On Friday, August 28,2020, the Government filed an Information charging Defendant with two felony offenses arising out of his alleged participation in a conspiracy to receive illegal “kickbacks” (in the form of fees for speaking engagements) from a prescription drug distributor in exchange for Defendant's allegedly improper writing of prescriptions for a particular drug. The Information was docketed with the Clerk of Court on Friday, August 28, 2020. (DE 3 at 4-11). The Information states that Defendant committed the alleged offenses from August 2012 to August 31, 2015. (Id. at 4, 14). Three days later, on the date that the statute of limitations expired, the Government served the Defendant with the Information at 6:33 PM in the evening. (DE 37 at 2). Defendant had at no time consented to prosecution by information or waived his right to indictment by a grand jury. (Id. at 18). Moreover, Defendant's intentions in this regard were made known to the Government before it chose to proceed by way of information.

Two days later, the Government sought dismissal without prejudice, under Federal Rule of Criminal Procedure 48(a). (DE 8). The Government's position was that its unilateral filing of the Information served to “institute” the prosecution against Defendant before the five years was up under 18 U.S.C. § 3282(a), and its subsequent dismissal would trigger the tolling of the statute of limitations by six months under 18 U.S.C. § 3288.

All of this had been done against the backdrop of the COVID-19 pandemic.

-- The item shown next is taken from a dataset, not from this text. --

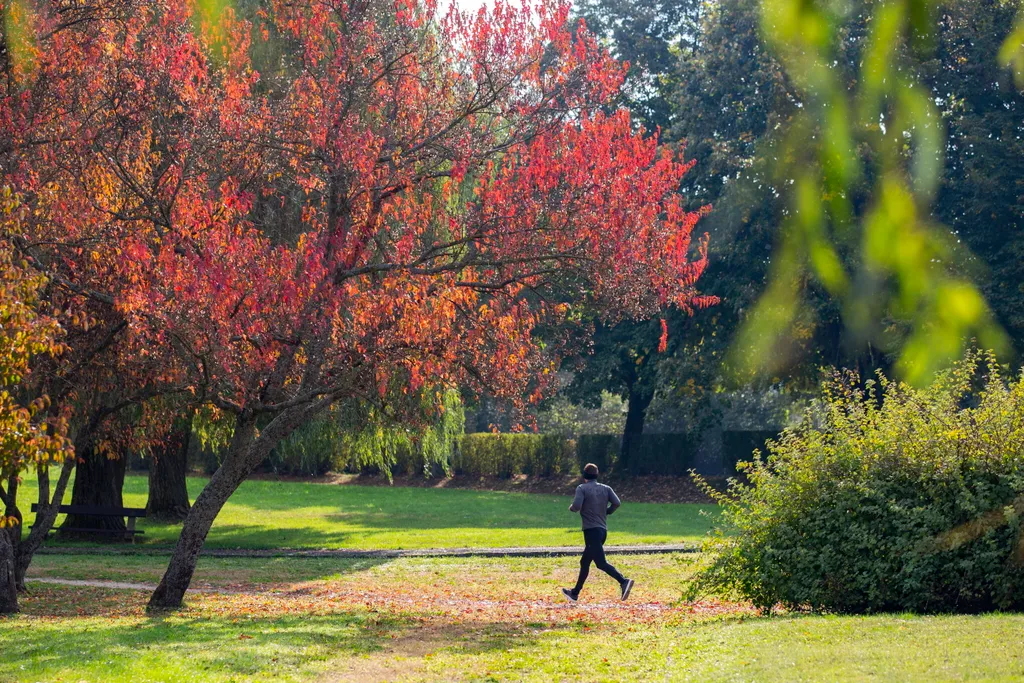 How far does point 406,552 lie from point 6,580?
11421mm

At the time, grand juries in the Southern District of Florida had been suspended. In moving to dismiss the Information, the Government asserted that it intended to obtain a grand jury Indictment upon such time as it was able, when grand juries reconvened.

Grand juries were suspended from March 26, 2020, to November 17, 2020.

I had some misgivings about the Government's methods, so I ordered supplemental briefing, held oral argument, and ultimately denied the Government's request that the dismissal be without prejudice. Instead, I dismissed with prejudice upon finding that the Government's tactical use of Rule 48, for the specific purpose of evading the statute of limitations, was an impermissible effort to circumvent the law. And allowing the Government to obtain a dismissal by these means would have invited unlawful action, I believed, because the statute had expired, and therefore no further prosecution could be had.

On November 22,2022, a divided panel of the Eleventh Circuit vacated my dismissal order and remanded. United States v. B.G.G., 53 F.4th 1353,1370 (11th Cir. 2022). The court held that in dismissing with prejudice, I failed to make a finding that the Government s reasons for the dismissal amounted to bad faith, which is required to overcome the presumption of good faith to which the Government is entitled under Rule 48. Id. at 1369-70. Therefore, the Eleventh Circuit vacated my order of dismissal, which left the Information in effect, and the court remanded for further proceedings against Defendant. The mandate issued on January 31, 2023. (DE 27).

On July 13, 2023, the Government filed a sealed “Superseding Indictment” against Defendant. (DE 30). The Government thereafter moved to dismiss the Information without prejudice. (DE 32). My Order on Remand denies the Motion to Dismiss the Information for lack of subject matter jurisdiction (DE 52).

Before me is the Defendant's Motion to Dismiss Indictment, filed August 4, 2023, (DE 37), to which the Government responded and the Defendant replied (DE 42, DE 47). For all the reasons below, I find that the Indictment was untimely and will grant the Defendant's Motion to Dismiss.

DISCUSSION

A. The Government's Strategy

Before answering the question of whether the Government s Superseding Indictment was timely, here are the mechanics of how the Government proposes to use the Rules and statutes to claim that it timely filed the Indictment.

The Fifth Amendment to the United States Constitution provides: “No person shall be held to answer for a capital, or otherwise infamous crime, unless on a presentment or indictment of a Grand Jury.” U.S. Const, amend. V. Federal Rule of Criminal Procedure 7(a) “gives effect to” this constitutional provision by requiring that felonies, defined as offenses punishable by death or imprisonment of more than one year, “be prosecuted by an indictment.” Fed. R. Crim. P. 7(a) (quoting 1944 advisory committee's note to subdivision (a)). As an exception to this Rule, subdivision 7(b) allows the government to charge noncapital felony offenses by way of an information if the defendant waives indictment. Fed. R. Crim. P. 7(b). Title 18, United States Code, Section 3282 provides: “[N]o person shall be prosecuted, tried, or punished for any offense, not capital, unless the indictment is found or the information is instituted within five years next after such offense shall have been committed.” 18 U.S.C. § 3282(a) (emphasis added).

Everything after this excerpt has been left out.